Flexible and convenient payment options today means an efficient EPoS system coupled with an appropriate merchant service. Together they deliver to your business an efficient payment platform that can grow with your business, deliver customer insights and form a foundation onto which other services can be built.
How to Choose Your Merchant Account Provider
To gain an insight into how businesses can successfully link their EPoS system to merchant services, EPOS.co.uk spoke with Aidene Walsh, Director - Commercial Card and Acquiring Solutions, Lloyds Bank, and began by asking what in your view are the key criteria when choosing a Merchant Service Partner (MSP) for an EPoS system?
“There are a variety of options available when choosing a merchant service partner (MSP) so it’s important that merchants’ engage with them early to explain their specific requirements. There are varying levels of technical integration available so it is important that they ensure their EPoS system closely meets the individual business’ needs.
“As a result, the MSP needs to be flexible enough to ensure that the solution they provide fits with the merchant’s requirements. They will also need to consider the flexibility of hardware and the latest security procedures needed. For example, if a merchant has a restaurant in a basement this may limit the type of EPoS terminals that they can use.
What are the pitfalls to watch out for when choosing a merchant service for an EPoS installation?
“There are many considerations for the merchant when partnering the MSP. Firstly, they must understand the timelines for integration with the EPoS vendor, as this can be a significant cost to the merchant in terms of both infrastructure and time. Secondly, it is important to consider the flexibility of the EPoS system hardware and its ability to upgrade and scale up where necessary.
“Product ranges vary considerably so it is fundamental that the EPoS solution fits the specific sector – it can be useful to ask the EPoS vendor for case studies from merchants in your specific trade area. Merchants must also be aware of the additional peripheral fees (till rolls etc.) that may be required.”
How are contactless payments impacting on the relationship between EPoS systems and the merchant services they interface with?
“Whilst contactless payments are improving transaction times and allowing for a more streamlined payment process for cardholders, the roll out of hardware upgrades has on occasion been slow into the market due to a range of technical challenges that have only recently been overcome. We now anticipate acceleration in uptake and awareness of contactless as the numbers of both consumers and merchants who want to use this payment method grows.”
Is the trend for retailers to choose integrated EPoS/merchant services instead of creating their own bespoke installation?

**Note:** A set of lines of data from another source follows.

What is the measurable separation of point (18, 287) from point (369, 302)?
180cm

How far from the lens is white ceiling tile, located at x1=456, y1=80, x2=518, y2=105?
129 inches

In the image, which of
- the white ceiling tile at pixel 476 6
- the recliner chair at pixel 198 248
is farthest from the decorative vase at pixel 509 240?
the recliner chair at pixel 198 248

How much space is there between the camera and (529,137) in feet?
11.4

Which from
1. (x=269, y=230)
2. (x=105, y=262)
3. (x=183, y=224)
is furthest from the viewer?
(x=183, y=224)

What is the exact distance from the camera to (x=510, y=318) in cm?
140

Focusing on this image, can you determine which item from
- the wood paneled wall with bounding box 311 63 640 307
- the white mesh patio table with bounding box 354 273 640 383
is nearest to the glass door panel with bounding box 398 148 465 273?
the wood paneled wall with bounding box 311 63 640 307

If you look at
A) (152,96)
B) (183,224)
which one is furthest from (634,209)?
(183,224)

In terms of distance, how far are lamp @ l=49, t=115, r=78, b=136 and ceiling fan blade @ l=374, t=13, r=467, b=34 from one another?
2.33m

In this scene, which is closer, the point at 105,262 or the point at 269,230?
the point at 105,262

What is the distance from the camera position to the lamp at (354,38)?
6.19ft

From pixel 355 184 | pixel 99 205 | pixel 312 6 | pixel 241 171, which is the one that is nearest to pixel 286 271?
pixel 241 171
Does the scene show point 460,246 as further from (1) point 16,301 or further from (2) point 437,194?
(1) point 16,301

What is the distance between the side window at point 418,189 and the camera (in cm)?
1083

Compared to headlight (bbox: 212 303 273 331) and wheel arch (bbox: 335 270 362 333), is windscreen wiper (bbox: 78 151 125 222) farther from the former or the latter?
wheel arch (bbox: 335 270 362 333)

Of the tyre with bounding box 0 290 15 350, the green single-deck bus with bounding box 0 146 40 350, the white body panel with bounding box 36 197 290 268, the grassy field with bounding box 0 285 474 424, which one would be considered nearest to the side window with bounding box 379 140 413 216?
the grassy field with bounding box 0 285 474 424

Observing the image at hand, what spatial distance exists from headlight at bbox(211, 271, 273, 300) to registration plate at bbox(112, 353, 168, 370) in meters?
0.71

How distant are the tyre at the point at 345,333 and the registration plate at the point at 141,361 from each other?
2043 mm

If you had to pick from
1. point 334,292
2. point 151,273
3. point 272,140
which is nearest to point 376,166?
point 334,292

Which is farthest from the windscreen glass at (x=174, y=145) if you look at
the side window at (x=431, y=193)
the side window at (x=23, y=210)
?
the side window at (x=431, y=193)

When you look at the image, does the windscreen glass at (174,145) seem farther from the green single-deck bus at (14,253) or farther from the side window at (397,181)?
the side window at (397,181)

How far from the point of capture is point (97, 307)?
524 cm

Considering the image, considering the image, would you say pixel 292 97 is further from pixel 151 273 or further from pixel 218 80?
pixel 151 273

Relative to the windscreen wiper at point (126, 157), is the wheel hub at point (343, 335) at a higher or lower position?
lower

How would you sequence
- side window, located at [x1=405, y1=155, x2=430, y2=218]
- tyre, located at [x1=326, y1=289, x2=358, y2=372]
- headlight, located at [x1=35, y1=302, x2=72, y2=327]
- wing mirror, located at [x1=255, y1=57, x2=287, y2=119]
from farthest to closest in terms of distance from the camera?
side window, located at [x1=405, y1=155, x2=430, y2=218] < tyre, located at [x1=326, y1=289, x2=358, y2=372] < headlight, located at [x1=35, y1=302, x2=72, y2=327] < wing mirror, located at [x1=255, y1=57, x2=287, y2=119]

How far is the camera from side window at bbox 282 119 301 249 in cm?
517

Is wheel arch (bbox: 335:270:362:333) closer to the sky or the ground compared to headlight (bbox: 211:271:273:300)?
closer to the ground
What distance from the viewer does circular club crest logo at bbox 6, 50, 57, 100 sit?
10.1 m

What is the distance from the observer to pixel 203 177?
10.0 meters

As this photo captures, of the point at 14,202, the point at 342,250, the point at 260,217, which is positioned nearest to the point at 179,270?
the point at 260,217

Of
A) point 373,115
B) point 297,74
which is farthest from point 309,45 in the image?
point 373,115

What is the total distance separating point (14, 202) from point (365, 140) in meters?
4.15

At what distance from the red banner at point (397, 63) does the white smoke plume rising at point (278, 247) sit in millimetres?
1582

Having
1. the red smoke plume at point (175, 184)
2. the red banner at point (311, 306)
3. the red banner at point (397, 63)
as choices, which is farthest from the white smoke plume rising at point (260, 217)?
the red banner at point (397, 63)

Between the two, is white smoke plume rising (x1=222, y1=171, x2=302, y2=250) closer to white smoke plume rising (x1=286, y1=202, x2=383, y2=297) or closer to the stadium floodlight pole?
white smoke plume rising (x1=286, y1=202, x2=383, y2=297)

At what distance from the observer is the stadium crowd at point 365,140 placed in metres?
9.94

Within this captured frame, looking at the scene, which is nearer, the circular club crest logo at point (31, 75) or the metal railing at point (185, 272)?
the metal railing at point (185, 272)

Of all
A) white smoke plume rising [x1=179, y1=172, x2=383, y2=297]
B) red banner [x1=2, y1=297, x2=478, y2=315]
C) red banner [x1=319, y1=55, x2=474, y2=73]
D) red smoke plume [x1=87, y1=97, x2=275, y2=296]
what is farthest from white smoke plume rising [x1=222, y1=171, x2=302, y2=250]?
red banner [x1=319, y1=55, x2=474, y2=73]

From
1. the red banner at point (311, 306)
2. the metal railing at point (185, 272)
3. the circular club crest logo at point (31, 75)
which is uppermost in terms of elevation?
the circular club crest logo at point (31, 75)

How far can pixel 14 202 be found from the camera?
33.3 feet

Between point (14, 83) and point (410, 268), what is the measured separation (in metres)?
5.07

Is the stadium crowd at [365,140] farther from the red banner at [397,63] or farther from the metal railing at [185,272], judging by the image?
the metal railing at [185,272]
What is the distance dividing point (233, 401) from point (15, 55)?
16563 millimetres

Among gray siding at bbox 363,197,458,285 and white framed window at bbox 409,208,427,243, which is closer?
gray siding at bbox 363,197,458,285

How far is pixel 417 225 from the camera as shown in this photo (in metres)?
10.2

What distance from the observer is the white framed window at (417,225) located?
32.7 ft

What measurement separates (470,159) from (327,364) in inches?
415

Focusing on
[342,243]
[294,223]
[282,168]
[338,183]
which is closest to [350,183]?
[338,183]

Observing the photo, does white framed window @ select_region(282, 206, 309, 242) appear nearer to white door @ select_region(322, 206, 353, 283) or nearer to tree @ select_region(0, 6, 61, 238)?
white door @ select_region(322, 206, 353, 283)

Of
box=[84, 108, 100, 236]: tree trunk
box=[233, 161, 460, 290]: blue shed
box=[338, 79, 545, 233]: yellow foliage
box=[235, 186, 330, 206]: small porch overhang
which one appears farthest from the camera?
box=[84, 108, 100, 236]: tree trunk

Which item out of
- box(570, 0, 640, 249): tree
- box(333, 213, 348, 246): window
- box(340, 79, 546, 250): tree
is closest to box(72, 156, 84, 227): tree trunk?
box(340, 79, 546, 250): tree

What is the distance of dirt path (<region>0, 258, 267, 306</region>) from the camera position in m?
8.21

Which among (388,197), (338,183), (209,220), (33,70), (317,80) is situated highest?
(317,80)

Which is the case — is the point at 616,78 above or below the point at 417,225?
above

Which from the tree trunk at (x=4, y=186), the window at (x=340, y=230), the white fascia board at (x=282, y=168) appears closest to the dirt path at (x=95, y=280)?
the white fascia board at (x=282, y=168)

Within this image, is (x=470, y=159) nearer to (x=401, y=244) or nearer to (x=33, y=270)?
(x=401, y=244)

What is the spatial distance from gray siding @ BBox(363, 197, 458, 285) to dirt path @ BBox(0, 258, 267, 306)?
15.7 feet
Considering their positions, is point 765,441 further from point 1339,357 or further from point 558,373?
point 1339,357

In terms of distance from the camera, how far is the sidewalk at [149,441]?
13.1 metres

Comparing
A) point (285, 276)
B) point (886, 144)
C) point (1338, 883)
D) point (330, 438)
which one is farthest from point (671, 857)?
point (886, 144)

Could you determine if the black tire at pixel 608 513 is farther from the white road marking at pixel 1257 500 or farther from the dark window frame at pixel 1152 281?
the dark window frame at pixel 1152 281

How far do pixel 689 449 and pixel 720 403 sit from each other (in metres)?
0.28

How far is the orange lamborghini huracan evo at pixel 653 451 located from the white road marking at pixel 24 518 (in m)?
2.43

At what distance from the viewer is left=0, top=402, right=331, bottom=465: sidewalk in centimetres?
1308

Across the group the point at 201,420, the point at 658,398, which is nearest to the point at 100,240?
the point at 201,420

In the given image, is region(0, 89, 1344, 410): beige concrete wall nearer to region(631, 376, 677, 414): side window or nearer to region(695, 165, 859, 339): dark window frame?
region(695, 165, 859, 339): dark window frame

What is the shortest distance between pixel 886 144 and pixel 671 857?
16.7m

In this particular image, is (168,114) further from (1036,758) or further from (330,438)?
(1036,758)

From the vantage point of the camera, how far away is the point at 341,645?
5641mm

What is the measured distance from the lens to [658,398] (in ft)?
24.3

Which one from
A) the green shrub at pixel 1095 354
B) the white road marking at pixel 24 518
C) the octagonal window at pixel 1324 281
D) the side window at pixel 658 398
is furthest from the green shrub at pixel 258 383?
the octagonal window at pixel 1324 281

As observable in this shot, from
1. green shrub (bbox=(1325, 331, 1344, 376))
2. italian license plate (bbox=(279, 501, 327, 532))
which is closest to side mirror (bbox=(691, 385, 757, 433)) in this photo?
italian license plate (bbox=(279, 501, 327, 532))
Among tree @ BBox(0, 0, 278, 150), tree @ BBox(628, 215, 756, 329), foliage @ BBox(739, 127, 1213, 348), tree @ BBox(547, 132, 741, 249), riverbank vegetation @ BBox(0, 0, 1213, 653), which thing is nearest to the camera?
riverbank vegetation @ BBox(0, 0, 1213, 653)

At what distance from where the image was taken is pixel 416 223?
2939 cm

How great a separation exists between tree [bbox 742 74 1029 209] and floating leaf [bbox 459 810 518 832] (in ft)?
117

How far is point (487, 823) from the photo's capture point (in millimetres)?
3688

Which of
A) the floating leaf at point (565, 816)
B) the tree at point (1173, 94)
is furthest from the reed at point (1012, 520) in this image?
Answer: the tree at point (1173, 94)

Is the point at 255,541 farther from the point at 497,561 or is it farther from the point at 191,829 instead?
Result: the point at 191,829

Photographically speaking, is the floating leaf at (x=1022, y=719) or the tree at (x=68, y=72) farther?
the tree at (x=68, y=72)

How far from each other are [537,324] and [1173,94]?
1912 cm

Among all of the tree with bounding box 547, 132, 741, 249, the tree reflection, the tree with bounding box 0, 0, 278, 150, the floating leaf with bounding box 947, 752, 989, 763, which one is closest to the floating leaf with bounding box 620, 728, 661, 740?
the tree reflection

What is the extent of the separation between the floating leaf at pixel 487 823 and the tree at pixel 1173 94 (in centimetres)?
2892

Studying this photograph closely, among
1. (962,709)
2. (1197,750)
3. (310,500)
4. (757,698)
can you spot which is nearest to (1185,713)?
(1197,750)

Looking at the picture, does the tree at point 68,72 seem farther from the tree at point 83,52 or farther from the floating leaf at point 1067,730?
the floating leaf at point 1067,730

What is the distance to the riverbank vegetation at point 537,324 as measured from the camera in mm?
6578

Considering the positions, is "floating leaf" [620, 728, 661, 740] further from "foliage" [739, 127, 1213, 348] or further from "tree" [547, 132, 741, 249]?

“For the majority of business types, there are existing specialist solutions in place, which makes it easier for merchants to integrate their current systems with EPoS services rather than develop their own system, which could have huge cost and resource implications. The retailers that have been most successful have been those that have been able to provide sufficient scalability and flexibility to develop in tandem with their consumers’ business models.”
What are the key security issues to consider when choosing an EPoS / merchant service combination?
“The main security issue associated with EPoS systems is the sensitivity and risk of storing consumers’ card details. There is software available, for example Point-to-point encryption (P2PE), which helps to provide a robust solution to security issues. P2PE is a process of securely encrypting a signal or transacted data through a designated channel. As a result, P2PE can help to protect sensitive data. Merchants should ensure that both suppliers they are working with offer a high level of support and compliant solutions, always ensuring the best outcomes for consumers.”